Das Avengers-Theme erzeugt immer noch Gänsehaut. 


Was mich nur stört, sind die blonden Haare von Natasha. Das geht ja mal gar nicht.


----------



## OldShatterhand (29. November 2017)

Das wird die pure Awesomeness. Schön dass man Bucky wieder aufgetaut hat. Fragt sich nur noch, ob Thor einen neuen Hammer kriegt.


----------



## Rabowke (29. November 2017)

LouisLoiselle schrieb:


> Das wird die pure Awesomeness. Schön dass man Bucky wieder aufgetaut hat. Fragt sich nur noch, ob Thor einen neuen Hammer kriegt.


... wurde doch in Ragnarök etwas thematisiert, er braucht keinen Hammer um 'awesome' zu sein.

Also ich denke, nein, er wird keinen neuen Hammer bekommen ... dafür hat er ja jetzt Blitze.


----------



## lars9401 (29. November 2017)

LouisLoiselle schrieb:


> Das wird die pure Awesomeness. Schön dass man Bucky wieder aufgetaut hat. Fragt sich nur noch, ob Thor einen neuen Hammer kriegt.





Spoiler



Den brauch er ja eigentlich nicht mehr.


----------



## DDS-Zod (29. November 2017)

MatthiasDammes schrieb:


> Was mich nur stört, sind die blonden Haare von Natasha. Das geht ja mal gar nicht.

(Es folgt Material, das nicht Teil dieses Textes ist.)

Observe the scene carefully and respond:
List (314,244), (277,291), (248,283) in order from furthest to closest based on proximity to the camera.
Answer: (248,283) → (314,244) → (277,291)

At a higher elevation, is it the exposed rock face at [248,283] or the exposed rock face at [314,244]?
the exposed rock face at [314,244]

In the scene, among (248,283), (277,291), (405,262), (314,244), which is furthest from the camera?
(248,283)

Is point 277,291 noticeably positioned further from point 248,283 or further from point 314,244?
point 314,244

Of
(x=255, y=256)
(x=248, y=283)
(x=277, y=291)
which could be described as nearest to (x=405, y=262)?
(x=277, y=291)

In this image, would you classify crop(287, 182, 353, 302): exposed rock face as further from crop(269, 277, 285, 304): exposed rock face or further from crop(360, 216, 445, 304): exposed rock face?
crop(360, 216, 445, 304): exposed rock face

Gewöhnungsbedürftig ja, aber eher zu ertragen als die sehr kurzen (und ja das hat mich im letzten schon gestört).


----------



## Phone (29. November 2017)

Thor sieht aus wie Snake aus MGS oO, falsches Set?


----------



## LOX-TT (29. November 2017)

Ich blick bei den zigtausend Superhelden-Filmen überhaupt nicht mehr durch


----------



## Krushak85 (29. November 2017)

Verdammt, zu viele geile Szenen. Selbst gespoilert!


----------



## OldShatterhand (29. November 2017)

Rabowke schrieb:


> ... wurde doch in Ragnarök etwas thematisiert, er braucht keinen Hammer um 'awesome' zu sein.
> 
> Also ich denke, nein, er wird keinen neuen Hammer bekommen ... dafür hat er ja jetzt Blitze.

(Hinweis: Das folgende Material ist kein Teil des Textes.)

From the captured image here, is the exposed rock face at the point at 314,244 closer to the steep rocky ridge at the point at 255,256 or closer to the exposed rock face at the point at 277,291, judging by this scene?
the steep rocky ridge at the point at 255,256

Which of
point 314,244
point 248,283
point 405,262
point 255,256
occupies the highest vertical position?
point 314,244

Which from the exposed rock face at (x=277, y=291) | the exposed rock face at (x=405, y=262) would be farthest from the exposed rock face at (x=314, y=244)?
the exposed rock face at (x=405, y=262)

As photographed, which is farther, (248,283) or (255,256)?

Pff, Thor ohne Hammer ist wie Norrin Radd ohne Surfbrett


----------



## Matthias Dammes (29. November 2017)

LouisLoiselle schrieb:


> Pff, Thor ohne Hammer ist wie Norrin Radd ohne Surfbrett



Vor allem weil der Gott Thor doch eigentlich dadurch definiert ist, wer den Mjolnir trägt. 
Deswegen wird ja Jane Foster in den Comics zu Thor, nachdem sie den Hammer übernommen hat.
"Whosoever holds this hammer, if he be worthy, shall possess the power of Thor." - so steht es auf Mjolnir.

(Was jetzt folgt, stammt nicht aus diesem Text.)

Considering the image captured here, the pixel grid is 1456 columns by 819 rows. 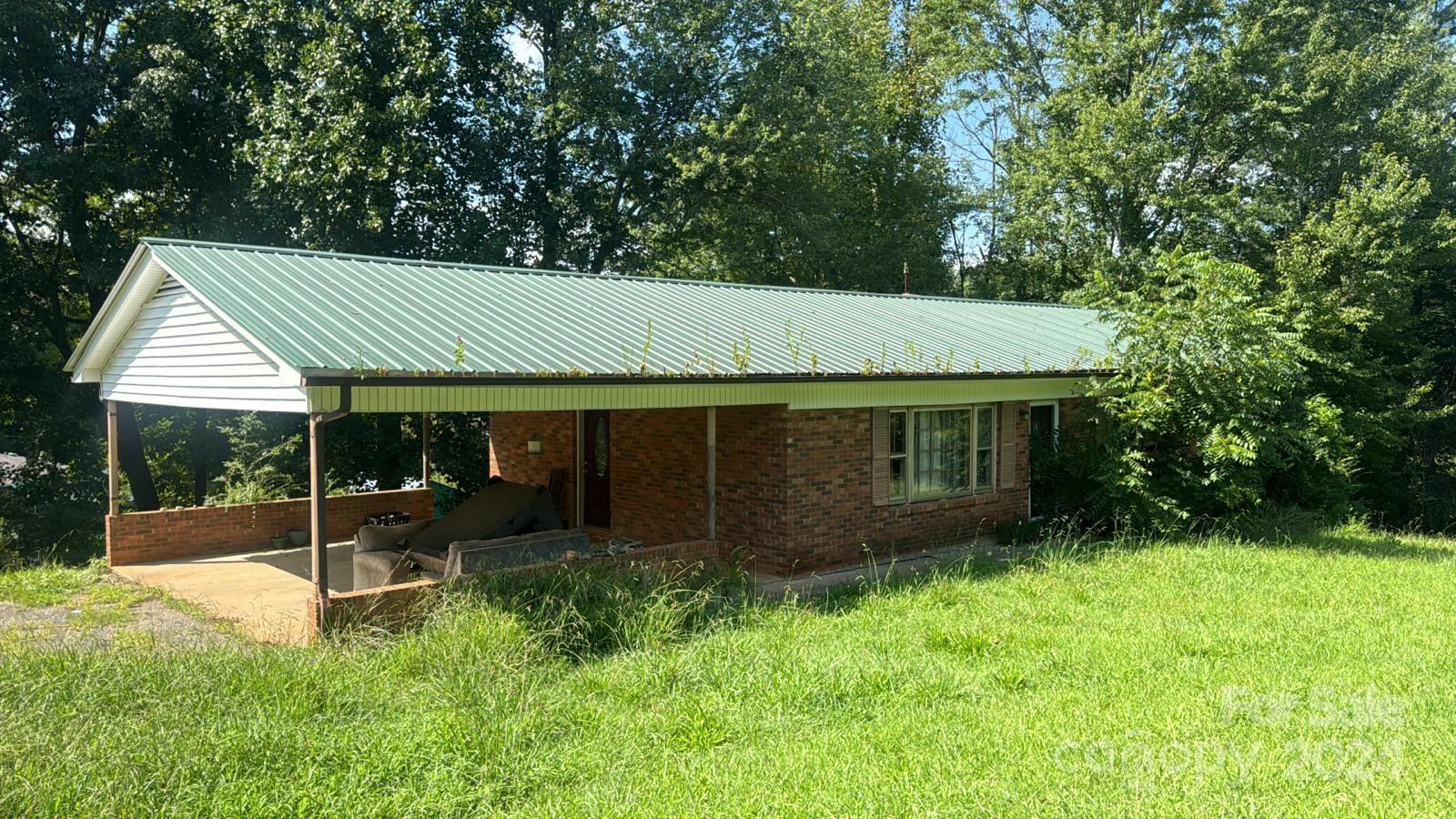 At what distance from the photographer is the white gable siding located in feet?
28.3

Aber ich will nicht vorschnell urteilen, ich hab Ragnarok noch nicht gesehen.
Vielleicht wird es ja schlüssig erklärt.


----------



## Phone (29. November 2017)

Rabowke schrieb:


> ... wurde doch in Ragnarök etwas thematisiert, er braucht keinen Hammer um 'awesome' zu sein.
> 
> Also ich denke, nein, er wird keinen neuen Hammer bekommen ... dafür hat er ja jetzt Blitze.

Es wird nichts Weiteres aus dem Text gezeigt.